[Short web captions]
Content starts

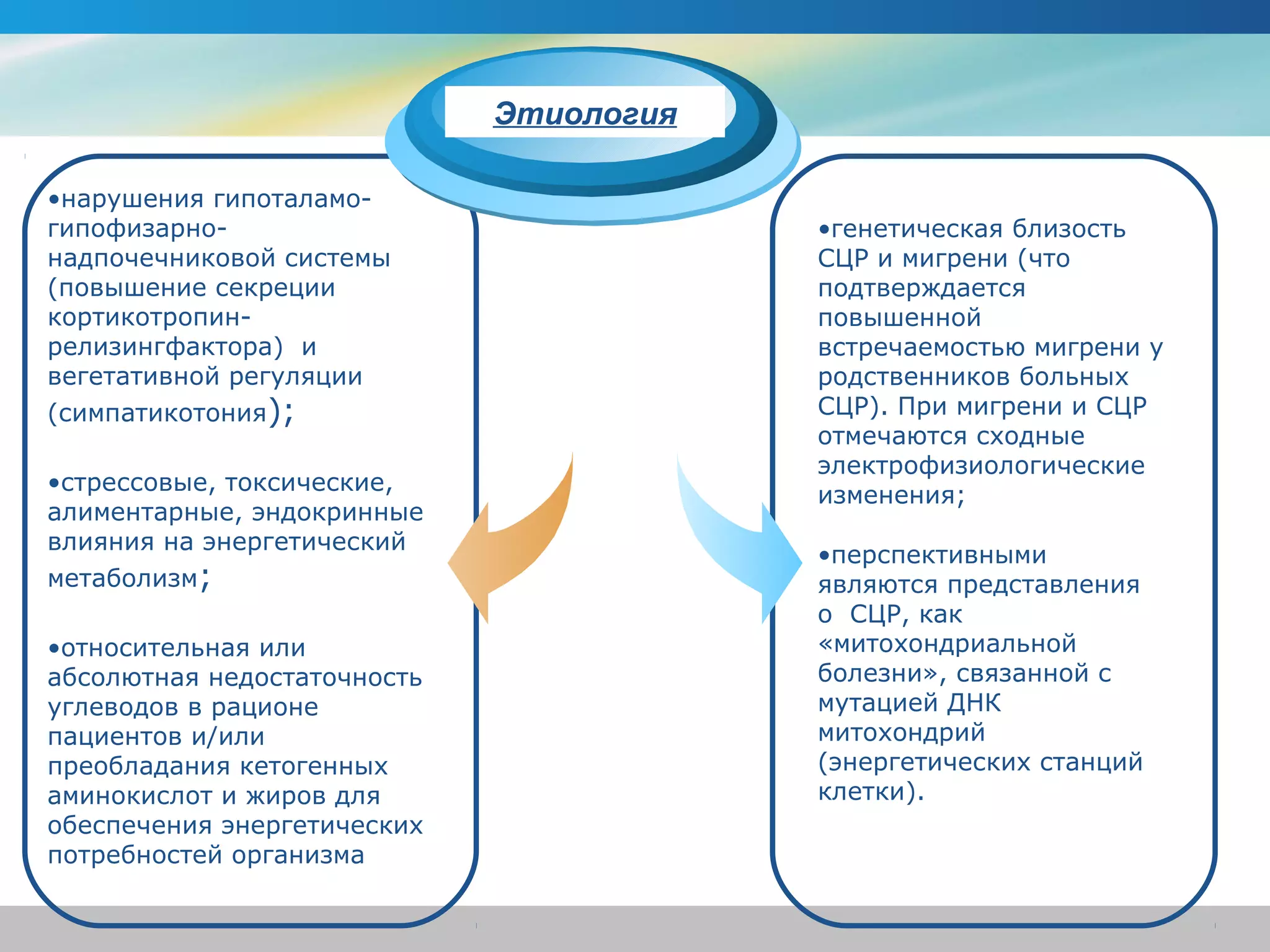 Этиология

•нарушения гипоталамо-
гипофизарно-                             •генетическая близость
надпочечниковой системы                  CЦР и мигрени (что
(повышение секреции                      подтверждается
кортикотропин-                           повышенной
релизингфактора) и                       встречаемостью мигрени у
вегетативной регуляции                   родственников больных
(симпатикотония);                        CЦР). При мигрени и CЦР
                                         отмечаются сходные
                                         электрофизиологические
•стрессовые, токсические,
                                         изменения;
алиментарные, эндокринные
влияния на энергетический
                                         •перспективными
метаболизм;                              являются представления
                                         о CЦР, как
•относительная или                       «митохондриальной
абсолютная недостаточность               болезни», связанной с
углеводов в рационе                      мутацией ДНК
пациентов и/или                          митохондрий
преобладания кетогенных                  (энергетических станций
аминокислот и жиров для                  клетки).
обеспечения энергетических
потребностей организма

Content ends

Aim of the exercise: Looking over the records, find each line with the word "мигрени" and copy it.

Your response:
надпочечниковой системы                  CЦР и мигрени (что
релизингфактора) и                       встречаемостью мигрени у
(симпатикотония);                        CЦР). При мигрени и CЦР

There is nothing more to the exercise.